40:54 – Learning from mistakes. “I sat down to have a conversation with Bob that I should have begun 10 months previously, and when I finished explaining to Bob where things stood, he looked me right in the eye and said, ‘Why didn’t you tell me? Why didn’t anyone tell me? I thought you all cared about me.’ I realized that I had failed Bob in a bunch of different ways. I had failed to solicit feedback from Bob. I also didn’t give him praise that was meaningful. The kind of praise I gave him was really just kind of, ‘Oh, Bob. You’re so awesome, maybe you can make it a little better.’ I also didn’t tell him when his work wasn’t nearly good enough — but worst of all, I failed to create the kind of environment in which everyone would tell Bob what was truly fun and good about working with him, and when he was going off the rails. And because I had failed Bob in all these different ways, I was now firing him because of it.”
43:33 – Sleep is vital. “I’m one of those people who needs not eight hours of sleep, but really nine. I used to feel guilty about going to sleep so early or sleeping so late, and I realized I shouldn’t feel guilty about it. I should feel proud when I do it because I’m more effective at work when I do it, and I feel better all day long. Taking care of yourself is part of your job. If you can’t manage yourself, you can’t possibly manage other people.”

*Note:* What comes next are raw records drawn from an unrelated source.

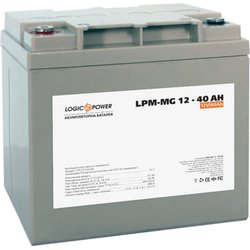 Батарея к ИБП LogicPower MG 12В 40Ач (2313)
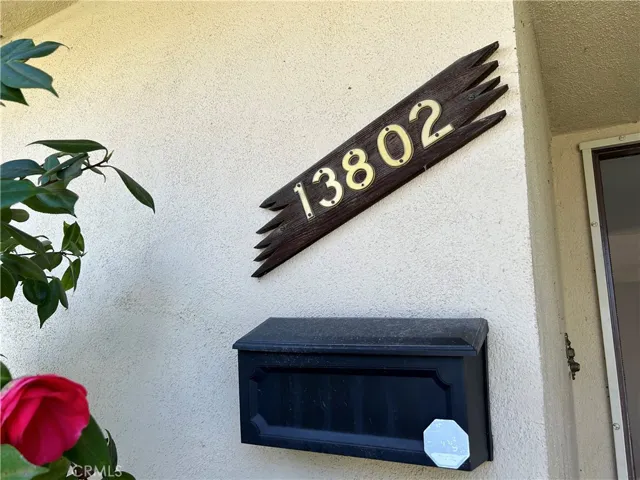 13802 Ramona Drive R, Whittier, California 90605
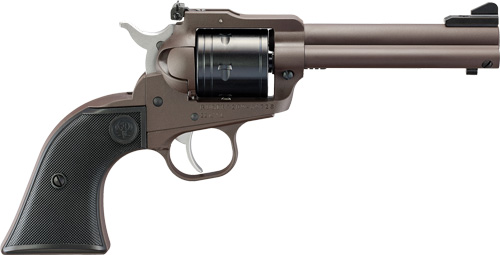 Ruger Super Wrangler 250th Anniversary Single-Action Revolver (.22 LR / .22 WMR)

43:58 – Discover your recipe. “One of the things that I recommend to the people I coach is to figure out what their recipe is — the things you need to do in order to stay centered. Everybody’s got a different recipe. Some people love to meditate, while other people hate to meditate. I’ll share mine with you, but you don’t have to take my recipe. I need my nine hours of sleep, an hour of exercise, and at least 20 minutes of conversation with someone I love. If I can do those three things every single day, no matter how unstable the world seems, I feel like I’m on solid ground. If I don’t do those things, then even when the world around me is very stable, I feel very unstable. So it’s really important to figure out what your recipe is, and follow it every day.”
47:43 – What does being a game changer mean to you? “Being a game changer to me means living the life I imagined. The reason why I started my business career was to subsidize my novel-writing habit. Finally at this point, my business career and my writing career have merged in a way that brings me a lot of joy, and I hope helps a lot of other people be their best selves and live the lives they imagined.”